_EXERCISE REQUIREMENTS_
Only lines, not pictures: please repeat exactly the lines from the one with "ロエベ ボディバッグ パンジー" through the end of the listing.

_EXERCISE DATA_

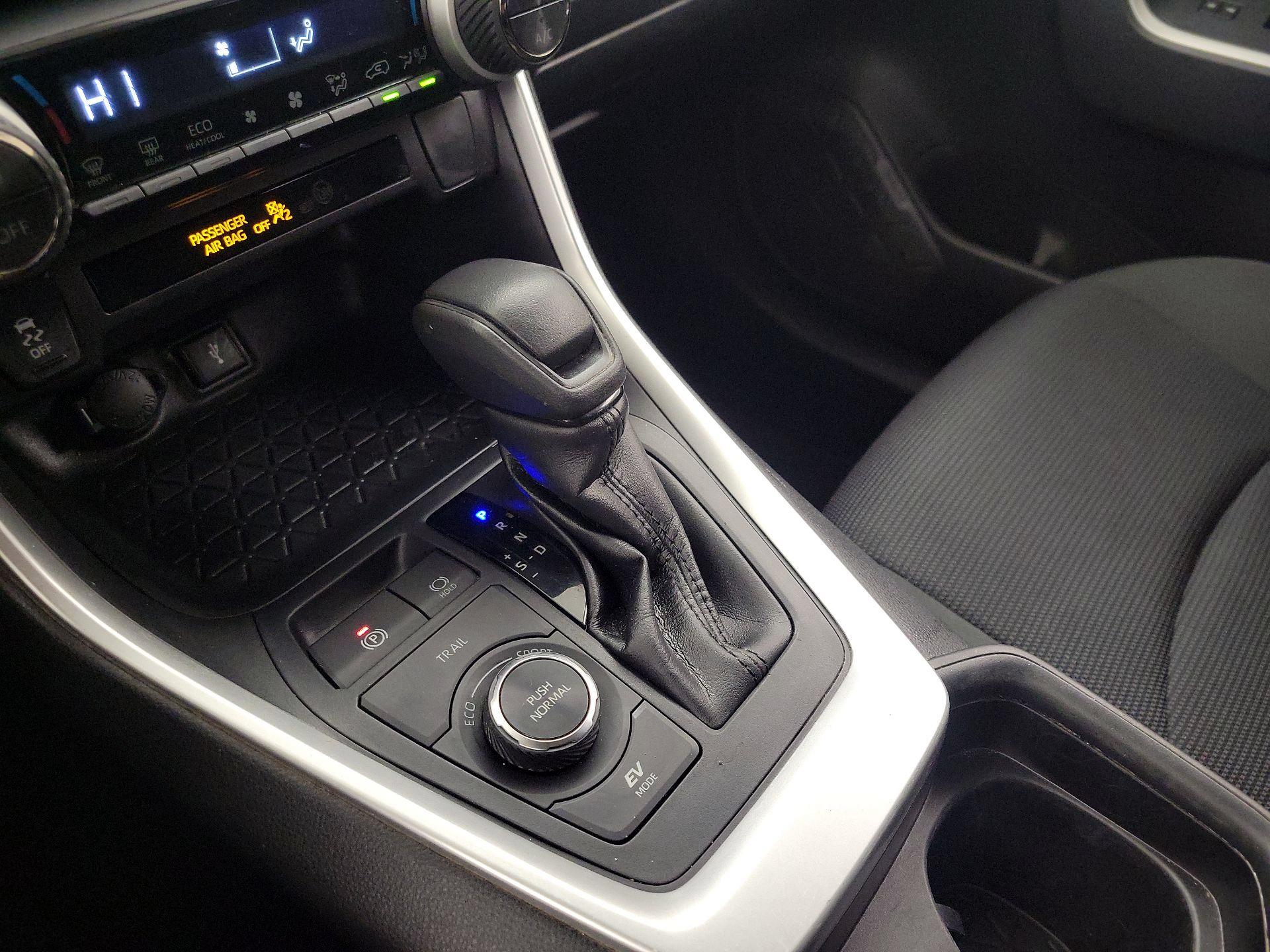 Thumbnail: 2021 Toyota RAV4 - 17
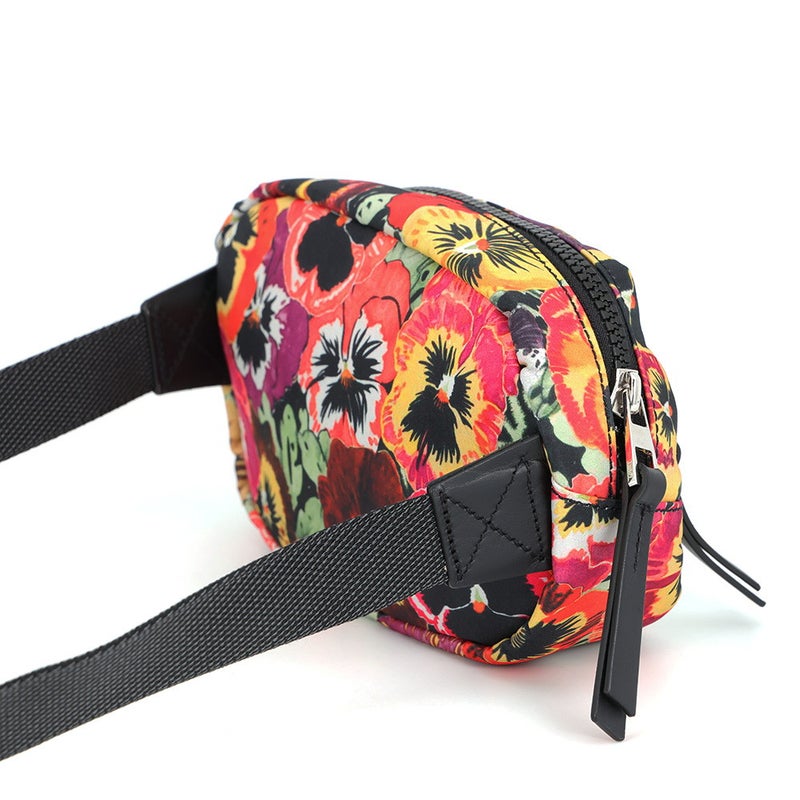 ロエベ ボディバッグ パンジー スモール ラウンド バムバッグ ジョー・ブレイナードコラボ ナイロン B664A35X01 LOEWE 黒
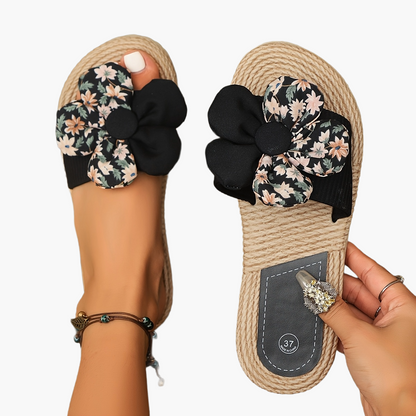 Damtofflor i espadrillestil med stor elegant blommig rosett för sommaren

_THE COMPLETED TASK_
 ロエベ ボディバッグ パンジー スモール ラウンド バムバッグ ジョー・ブレイナードコラボ ナイロン B664A35X01 LOEWE 黒
 Damtofflor i espadrillestil med stor elegant blommig rosett för sommaren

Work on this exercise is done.